(Dataset entries)
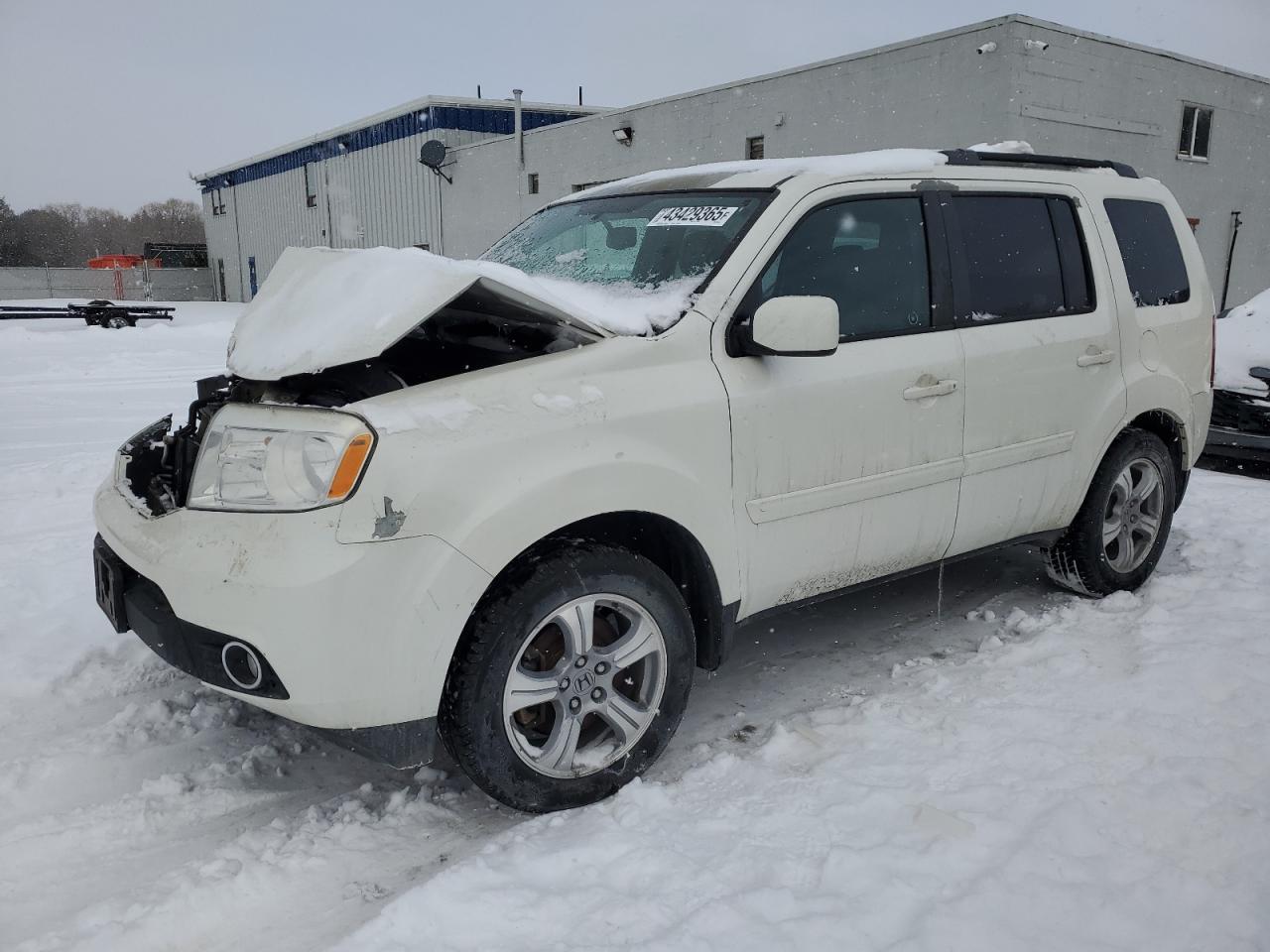 2013 HONDA PILOT EXL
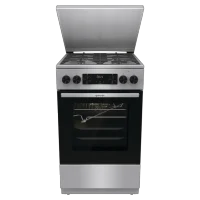 Комбинированная плита Gorenje GKS5C71XF, Silver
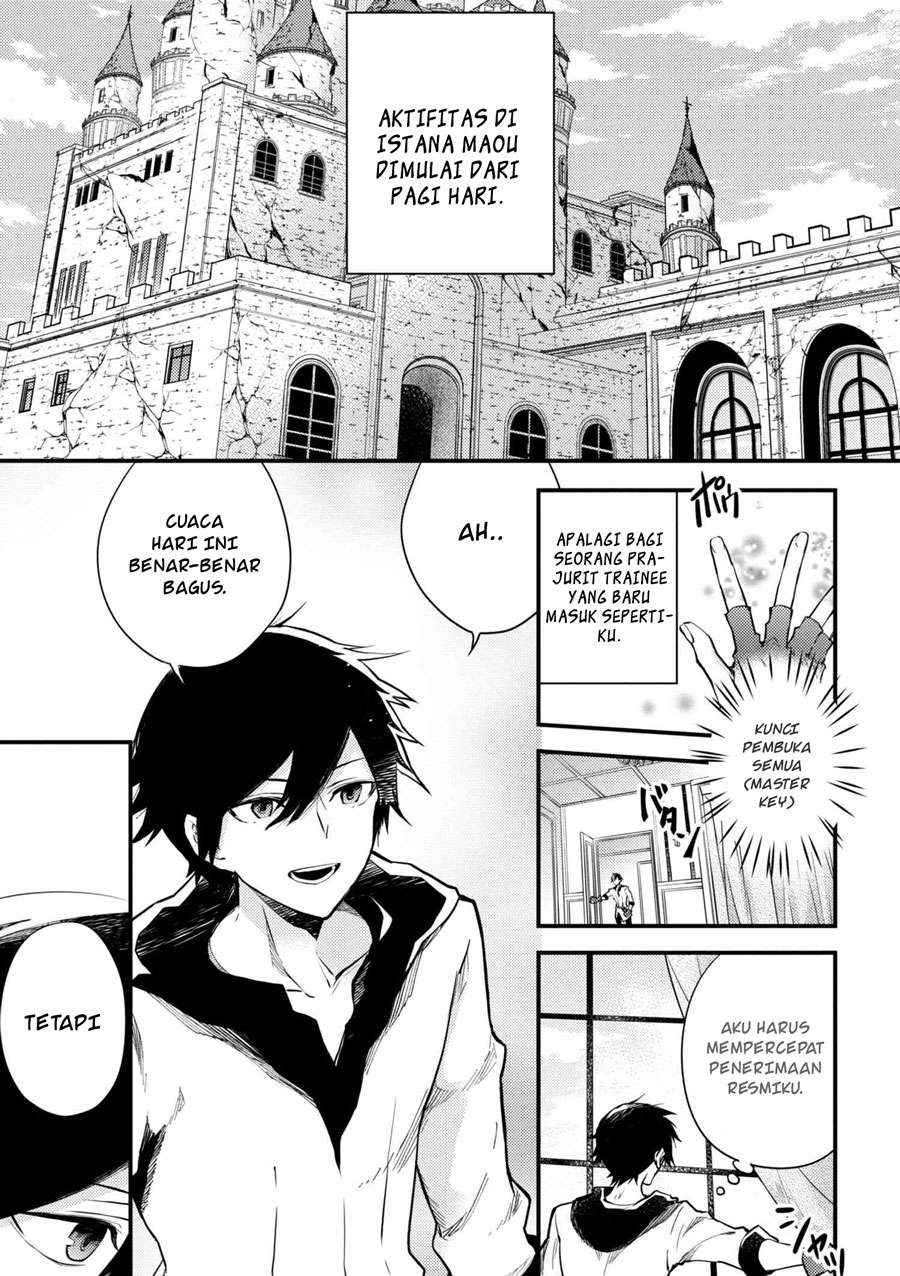 Baca Manga Yuusha, Yamemasu Chapter 3 Gambar 2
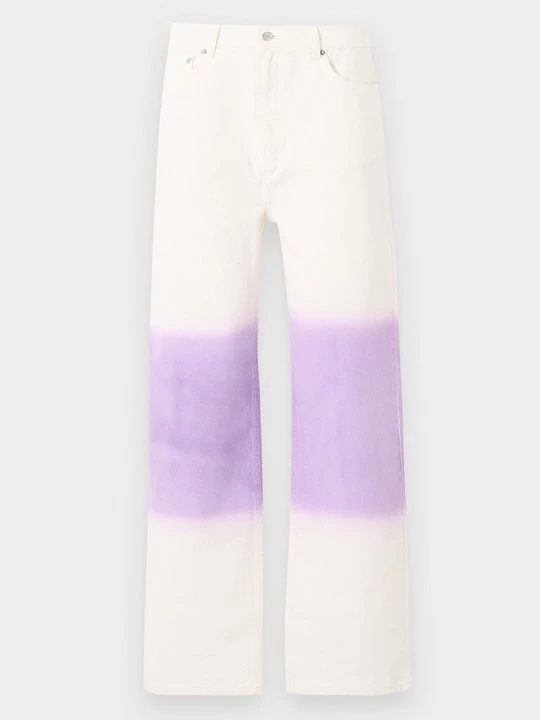 Zdjęcie produktu Jeansy Relaxed Fit MOSCHINO liliowy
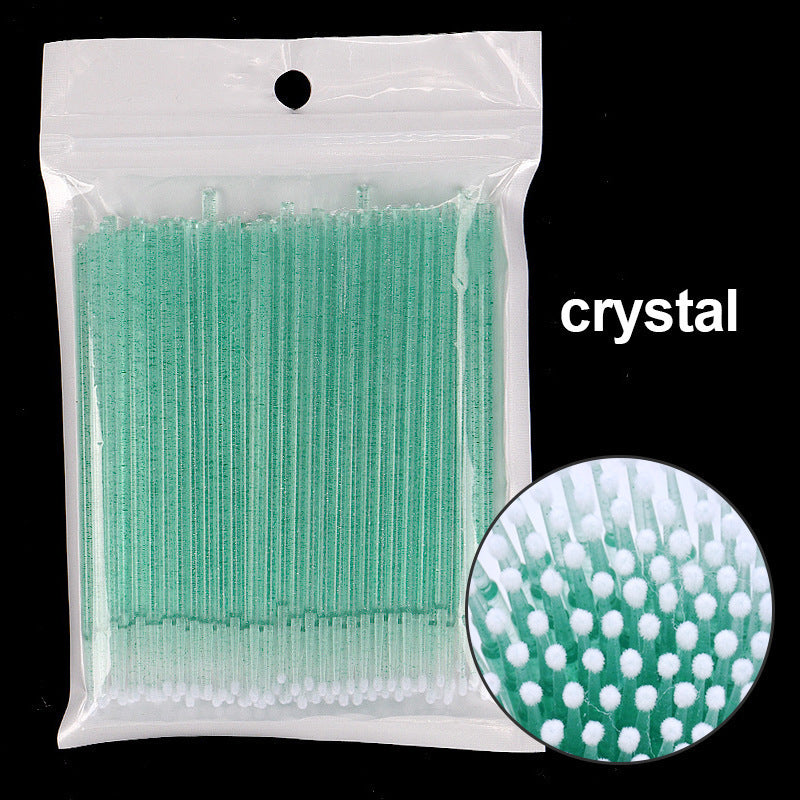 Colorful Multifunctional Cosmetic Cotton Swab Eyelash False Lashes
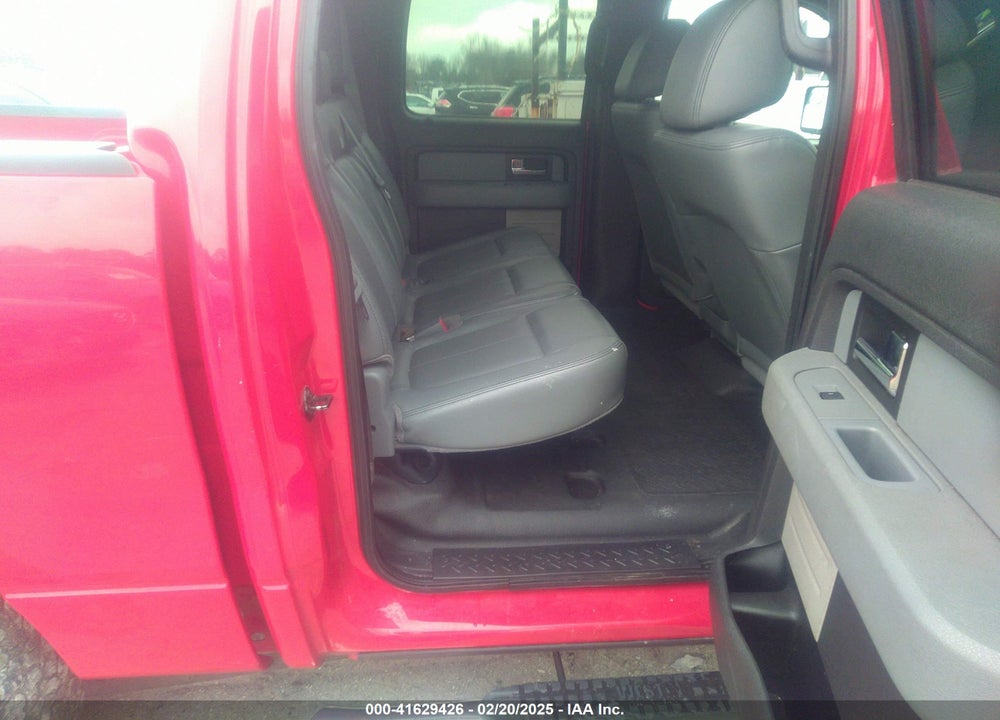 2013 FORD F150 VIN: 1FTFW1EF4DKD93409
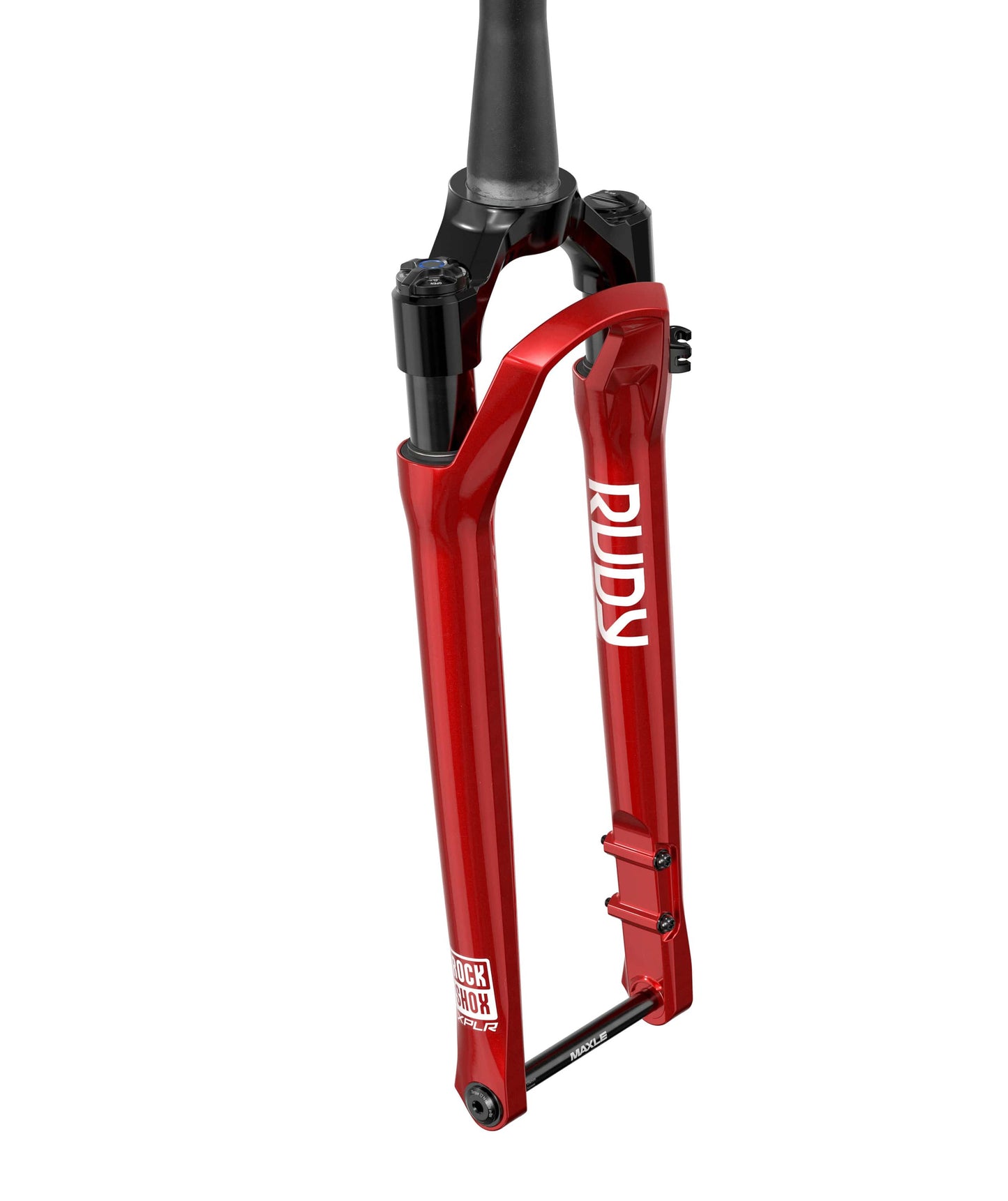 ROCKSHOX RUDY ULTIMATE RACE DAY 2 haarukka 700c 12x100mm offset 51mm A2 punainen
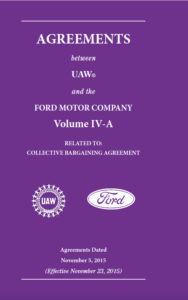 Ford 2015 Volume 4a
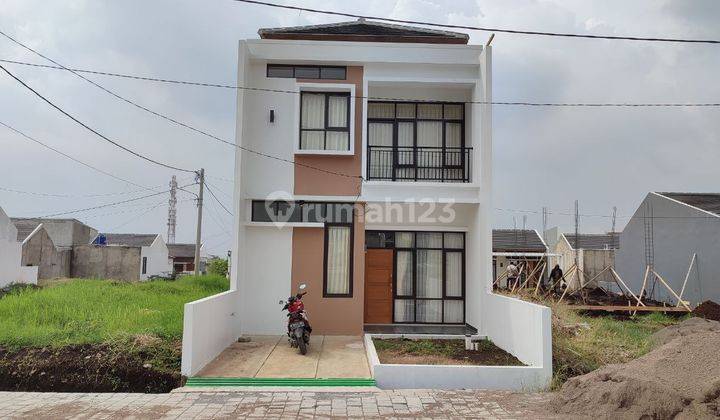 Rumah Minimalis Sejuk di Perumahan Sharia Islamic Soreang 1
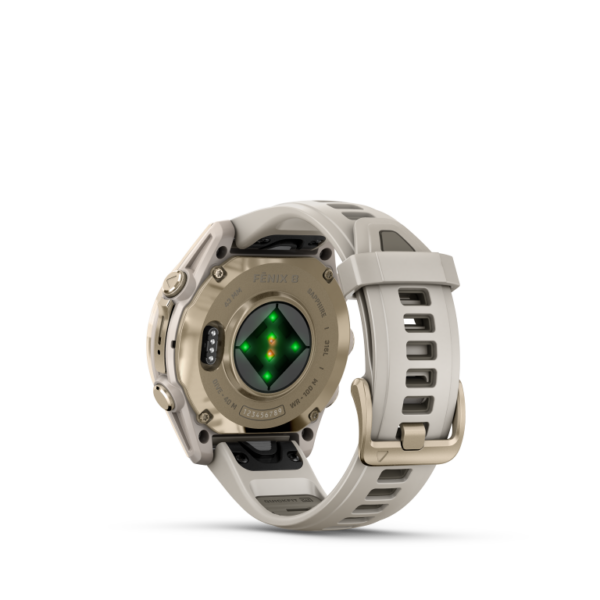 GARMIN Fenix 8 softgold 010-02903-11 – Bild 3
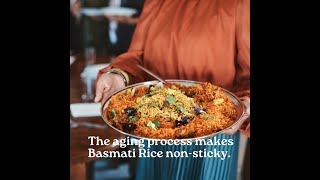 Aged Basmati Rice [upl. by Eskil]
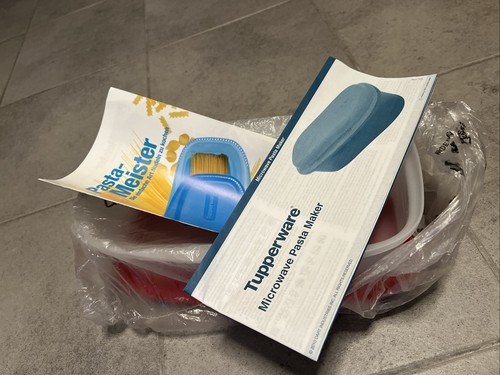 Tupperware pasta meister - tupperware,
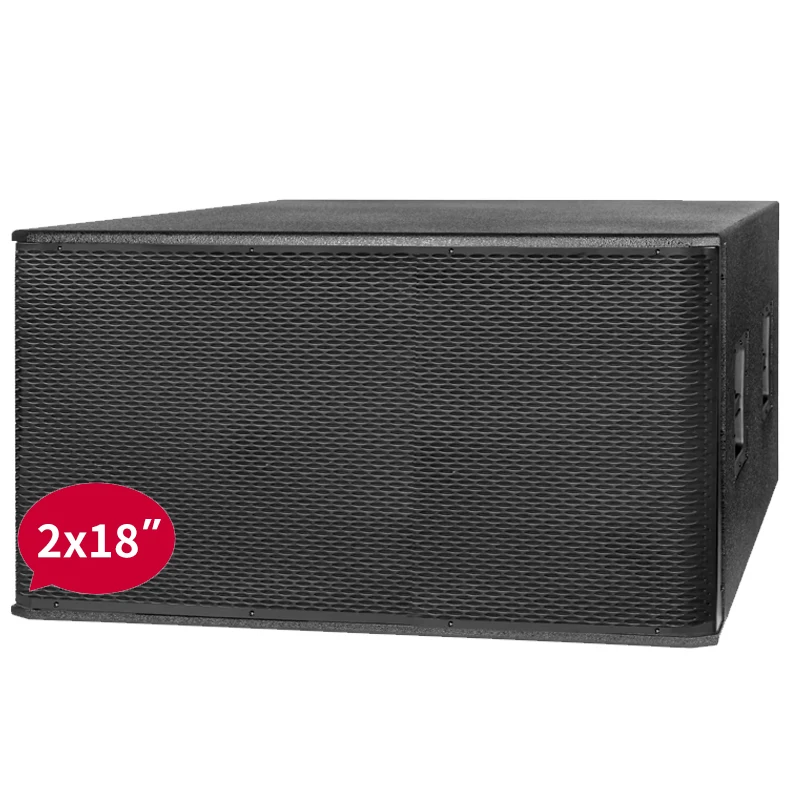 Professional Speakers Double 18 Inch Outdoor Big Power Magnet Sub Woofer Box Bass Dual 18 Inch Subwoofer Speaker Passive
Professional Speakers Double 18 Inch Outdoor Big Power Magnet Sub Woofer Box Bass Dual 18 Inch Subwoofer Speaker Passive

PROMPT: Only the lines from the one with "Комбинированная плита Gorenje" through the last line of the records above are wanted, copied exactly and with pictures omitted.

REPLY:
 Комбинированная плита Gorenje GKS5C71XF, Silver
 Baca Manga Yuusha, Yamemasu Chapter 3 Gambar 2
 Zdjęcie produktu Jeansy Relaxed Fit MOSCHINO liliowy
 Colorful Multifunctional Cosmetic Cotton Swab Eyelash False Lashes
 2013 FORD F150 VIN: 1FTFW1EF4DKD93409
 ROCKSHOX RUDY ULTIMATE RACE DAY 2 haarukka 700c 12x100mm offset 51mm A2 punainen
 Ford 2015 Volume 4a
 Rumah Minimalis Sejuk di Perumahan Sharia Islamic Soreang 1
 GARMIN Fenix 8 softgold 010-02903-11 – Bild 3
 Aged Basmati Rice [upl. by Eskil]
 Tupperware pasta meister - tupperware,
 Professional Speakers Double 18 Inch Outdoor Big Power Magnet Sub Woofer Box Bass Dual 18 Inch Subwoofer Speaker Passive
Professional Speakers Double 18 Inch Outdoor Big Power Magnet Sub Woofer Box Bass Dual 18 Inch Subwoofer Speaker Passive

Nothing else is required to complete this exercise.